クルミの資料に目を通していたとき、ふと食文化が発展した理由は何だろうと考えました。

▽ おいしいもの、珍しいものが食べたいという欲求や道楽心

▽ 風習と合わせて広めよう、土用の丑の鰻のように理由をつけて売り出してやろうという商売根性(商魂)

▽ 生きるために試行錯誤した調理方法や保存の工夫

クルミに関しては最後の理由が当てはまるのではないかと思います。
というのは、資料によるとクルミは栄養価が高く貯蔵性に優れているため、飢饉に備える救荒作物として栽培された経緯があるからです。
北日本に伝わる「くるみ味噌」や「くるみもち」の郷土料理はその名残だそうです。

必要性から生まれたものには、昔の人の思いが込められています。
そして、人々がどうにかして食料にしよう、保存しておこうと工夫されたものには、無意識に伝えるというエネルギーが働いているのかもしれません。

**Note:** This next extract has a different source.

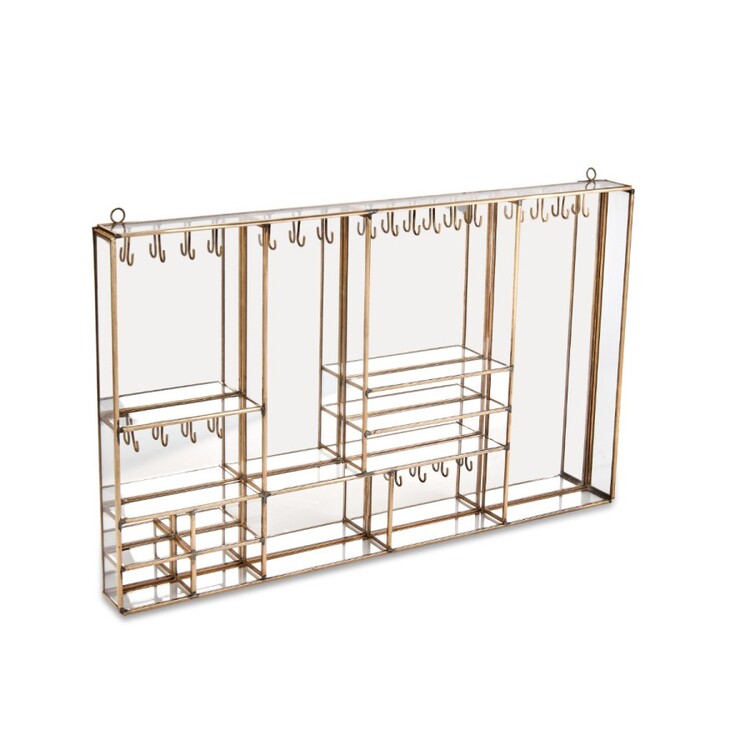 Bequai Brass Wall Hanging Jewellery Box from Accessories for the Home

単に特産物を入れた土産物が軽薄に感じられるのは、その成り立ちに違いがあるからでしょう。


私的なことになりますが、商品について考えるときは、お客様の心理や傾向を冷静に観る視点が必要と言われています。
けれども、私はすぐに昔の人が考えたものと同じくらい人の心に働きかけるものをつくってみたい、と思い上がってしまうのです。

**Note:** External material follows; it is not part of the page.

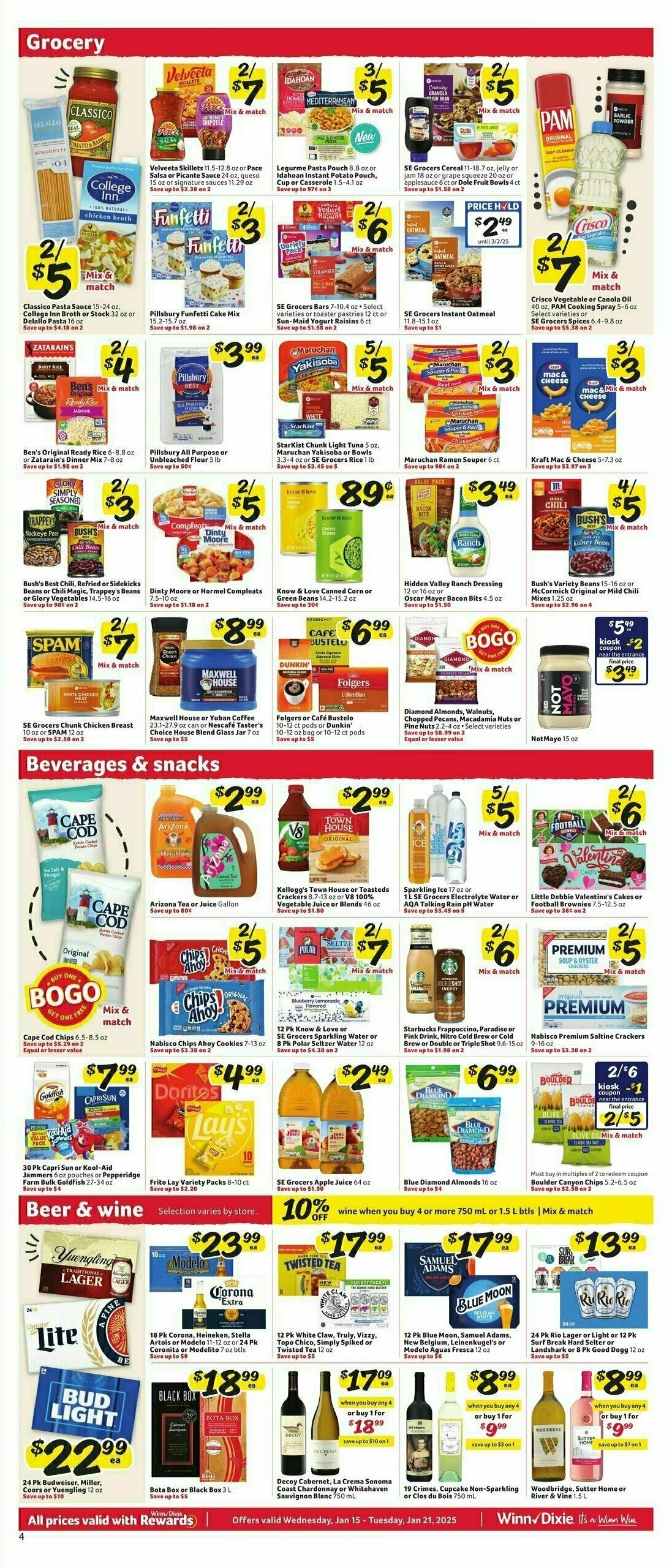 Winn-Dixie Weekly Ad from January 15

これは感情になるのか主観なのか分からないのですが、この気持ちが出た瞬間に考えが現実路線から離れてしまう、そのような気がします。







※16~17世紀のヨーロッパでは身体部分に類似した植物を処方する「象形薬能論」という学説があったそうです。
脳の形に似たクルミは頭部疾患の治療や知能の向上、感情の沈静を期待して使用されていたとのこと。
また、中国でも「似類捕類」といって似たものは似たものを補うとされて、クルミは割り方によっては心臓に似ているので、心臓によいと考えられていました。